The Lost Properties of Love: Dr Sophie Ratcliffe (1876)

Sophie Ratcliffe.jpg

For our Valentine’s Day Special episode of Travels Through Time, we visit Lady Margaret Hall, Oxford, to talk to Dr Sophie Ratcliffe about Anna Karenina, Kate Field, Sofia Tolstoy and the year 1876.

~

Leo Tolstoy’s Anna Karenina is one of the dazzling achievements of nineteenth century literature. It is a story of power, ambition, fidelity and lust, ‘a warning against the myth and cult of love’, with the ill-starred relationship between the Russian socialites Anna and Count Vronsky at its centre.

In this episode of Travels Through Time, Sophie Ratcliffe shows how Anna was very much a child of the 1870s. Various historical figures can be found in her character. A well-known inspiration is Anna Stepanovna Pirogova, a jealous lover who threw herself under a freight train. A lesser-known one is the American journalist, lecturer and early telephone pioneer Kate Field.

If you find a woman in a nineteenth century novel reading on a train ... she’s a dangerous woman, she’s a fast woman.
— Dr Sophie Ratcliffe

Field was hugely charismatic and popular. The Chicago Tribune judged her ‘perhaps the most unique woman the present century has produced.’ She was among the first celebrity journalists. She was acquainted with Charles Dickens, Elizabeth Barrett Browning, Anthony Trollope, and George Eliot. For a time in the 1870s, she was employed as the first public relations manager for Alexander Graham Bell’s new invention, the telephone.

Here Ratcliffe explains how Field’s legacy stretched further still. As she explains in her new book, The Lost Properties of Love: ‘Parts of Kate Field live on in Anna Karenina. Anna Karenina is part Kate Field. That’s what writers do. They change lives.’

In this conversation, Ratcliffe guides us back to 1876 and to a historical past suspended between fact and fiction. She describes how trains were viewed as an invasive new technology; how time operates in intriguing ways in Tolstoy’s fiction, and she speculates about what was hidden in Anna’s red handbag as she stepped off the railway platform.

***

Click here to order Colin Jones’s book from John Sandoe’s who, we are delighted to say, are supplying books for the podcast.


Listen to the podcast here

Show notes:

Scene One: A warm Sunday evening in late May 1876 (probably Sunday 30 May by the Russian calendar), the platform of Obiralovka Train Station, Russia.

Scene Two: The Gaiety Theatre, London, late April 1876, to watch Kate Field in a play called The Honeymoon by John Tobin

Scene Three: 17 March, 1876, Sofia Tolstoy’s bedside, Yasnaya Polyana Russia.
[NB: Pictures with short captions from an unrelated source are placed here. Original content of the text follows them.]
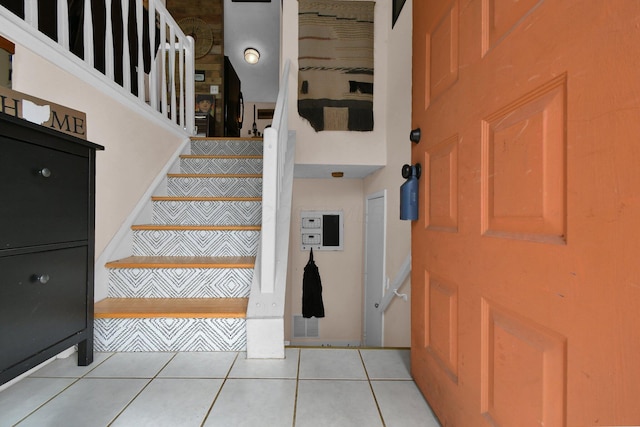 staircase with tile patterned floors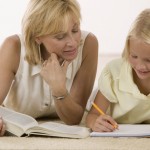 Mother Helping Daughter with Homework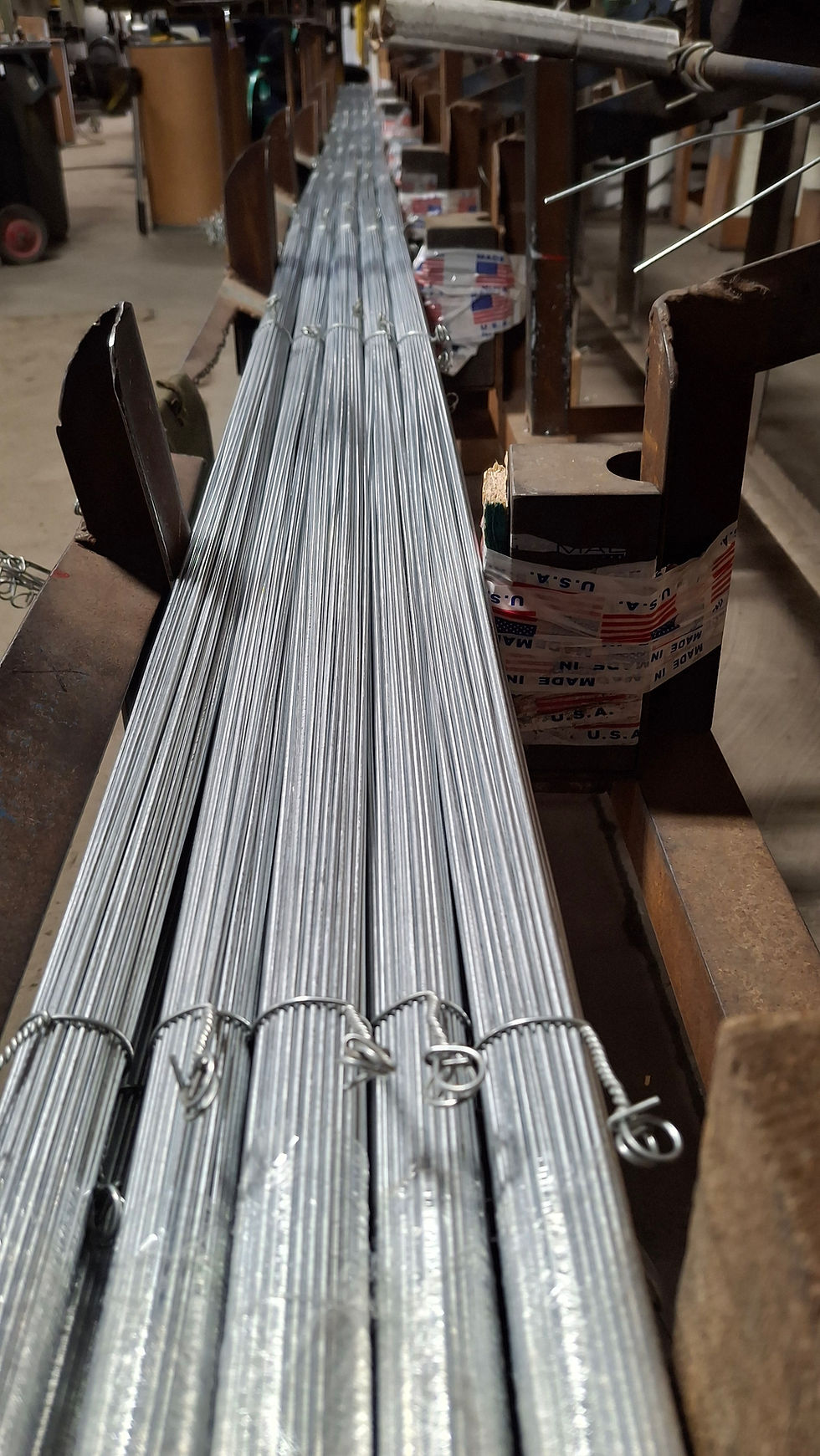 Wire is being cut to specific length in a factory by a straightening and cutting machine.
Memento: The front page of the Times (with the classified ads) for Tuesday 13 June, 1876

People/Social

Presenter: Peter Moore

Guest: Dr Sophie Ratcliffe

Producer: Maria Nolan

Titles: Jon O


What you will learn in this episode

  • The symbolism of trains in the 1860s

  • About Kate Field. Celebritiy journalist, tech pioneer, actor and dashing friend to the famous

  • The literary and historical context to Anna Karenina’s suicide

  • The small details of life in a literary household, like that of Leo Tolstoy and his wife Sofia

  • Whether Leo Tolstoy approved of Heinz Tomato Ketchup

Characters you will encounter in this episode

Kate Field (01 October 1838–19 May 1896), journalist, actress, and editor. Field was a hugely popular figure in the USA & UK in the second half of the nineteenth century. At the age of twenty-one she charmed Anthony Trollope and other literary figures in Florence, and shortly after she launched a journalistic career by sending letters from Italy to a Boston newspaper, the Courier. For a generation thereafter she was rarely out of the news.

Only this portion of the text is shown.